Long-term return expectations have dropped from the 12.8% above inflation recorded in 2023 to 10.7% above inflation, but even moderate expectations still present significant risk. Where are you seeing longer-term opportunities and challenges in fixed income at present?
XAA: These return targets are very high and beyond the reach of a bond-only investor. Bond yields may have fallen, but they remain at historically high levels. We currently favour bonds over equities and, within the equity asset class, Europe over the US, given the expected impact of US President Donald Trump's policies. In a relative sense, the carry – such as in investment grade and high yield credit – should benefit from sluggish growth.

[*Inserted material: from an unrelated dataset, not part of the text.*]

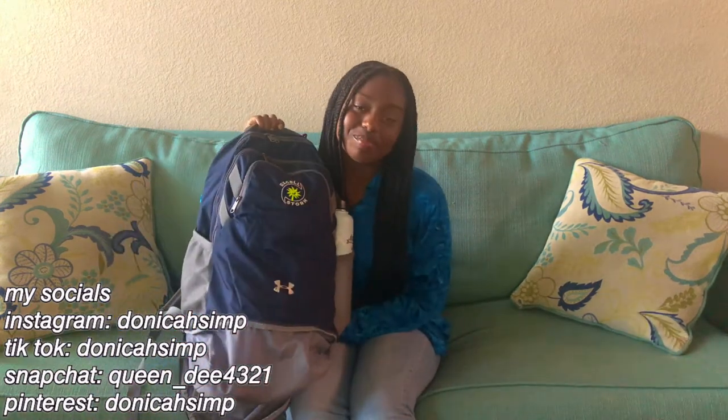Hey homies! Welcome or welcome back to my YouTube channel. Thank you so much for clicking on today's video. So today I'm going to be going through my volleyball bag. I have been playing volleyball for about 10 years now, and this year is my first year of doing beach volleyball competitively. So this summer is very packed and fun-filled. I actually have to be at conditioning for my high school in like an hour, so we're gonna go ahead and get through this as quick as we can.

FL: Within the equity asset class, we favour defensive stocks such as consumer goods and the financial sector, which would benefit from any moves towards deregulation or consolidation. Until now, we have been underexposed to companies exposed to Asia for economic and geopolitical reasons. China is in a state of near-deflation, and we have no visibility on a way out of the crisis. We are therefore underexposed to consumer cyclicals, cars, beverages, luxury goods and capital goods.

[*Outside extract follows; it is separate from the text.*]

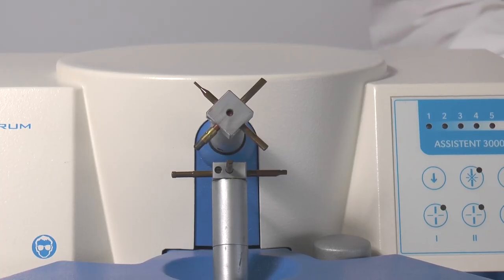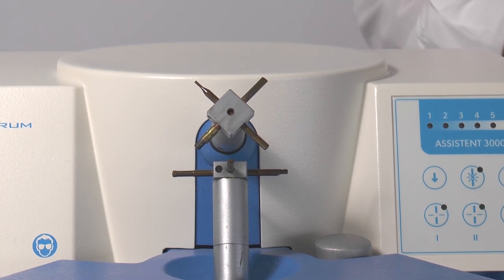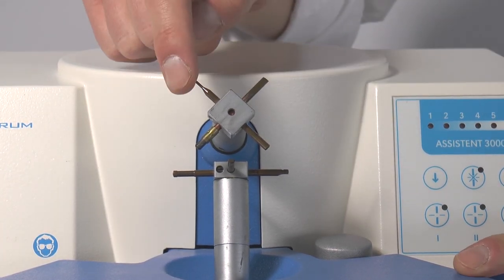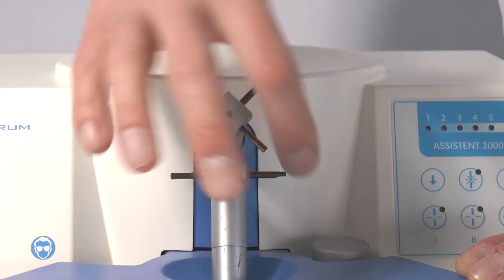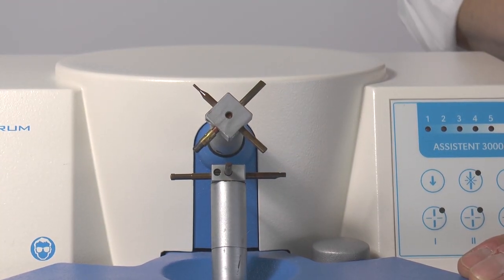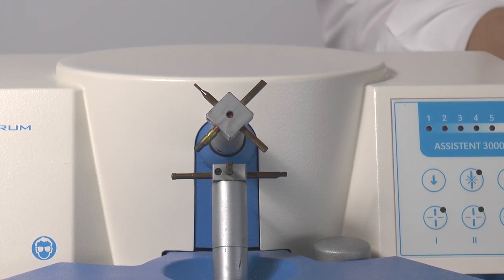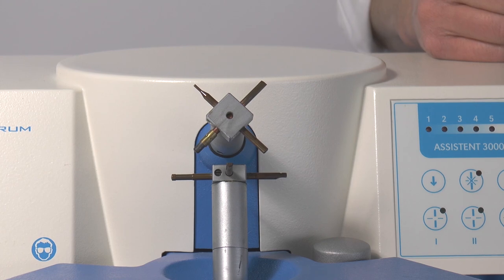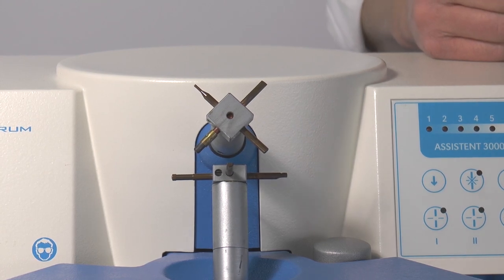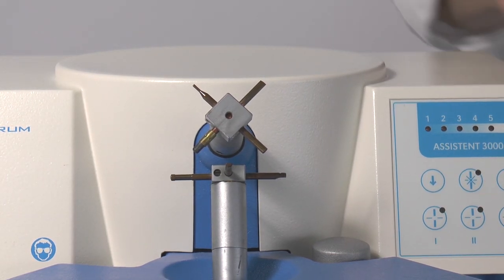Now the choice of the electrodes. For spot welding on the unit you can choose among three copper electrodes on the upper side and four on the lower. Use the combination that fits the workpiece — for example, a small attachment needs a small electrode, and a wire sometimes needs a groove in the electrode. For soldering you always need a carbon electrode, so this can be a combination for soldering.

What are your thoughts when we learn that 43% of investors are concerned about the potential for economic collapse, while another 41% are worried about prospects of a market crash?

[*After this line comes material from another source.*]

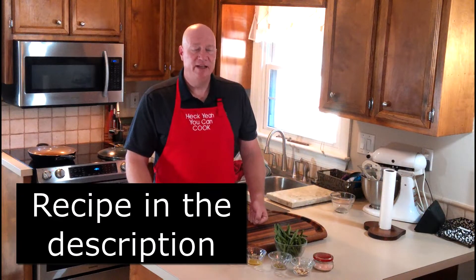Hey everybody, Greg again - heck yeah you can cook! Today you're gonna make my fresh green beans special. It's perfect for the holidays, or any day of the week, or anytime you have some friends or family over.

XAA: The risk of a financial crash exists, but it is very low. This is not our central scenario. Nor is it what the financial markets are telling us. We are expecting a low economic growth and inflation closed to or slightly above the central bank targets, where the economy would be supported fiscally – and potentially monetarily – on both sides of the Atlantic, both by the German stimulus plan and the US fiscal policy, with central banks intervening if necessary. The impact of fiscal policies will be felt more in 2026.
FL: The transition requires major long-term investment. The Draghi Report submitted to the European Commission [recommending €800 billion of investment per year] has set out a roadmap. Its implementation could be positive for European businesses. Governments with deteriorating public accounts will need the private sector to implement their policies.
Inflation still tops investors’ list of investment concerns. Globally, just 41% of investors think elevated inflation is finally in the rearview mirror. What’s your view? And are there are other risks on your radar that should be more pressing for fixed income investors?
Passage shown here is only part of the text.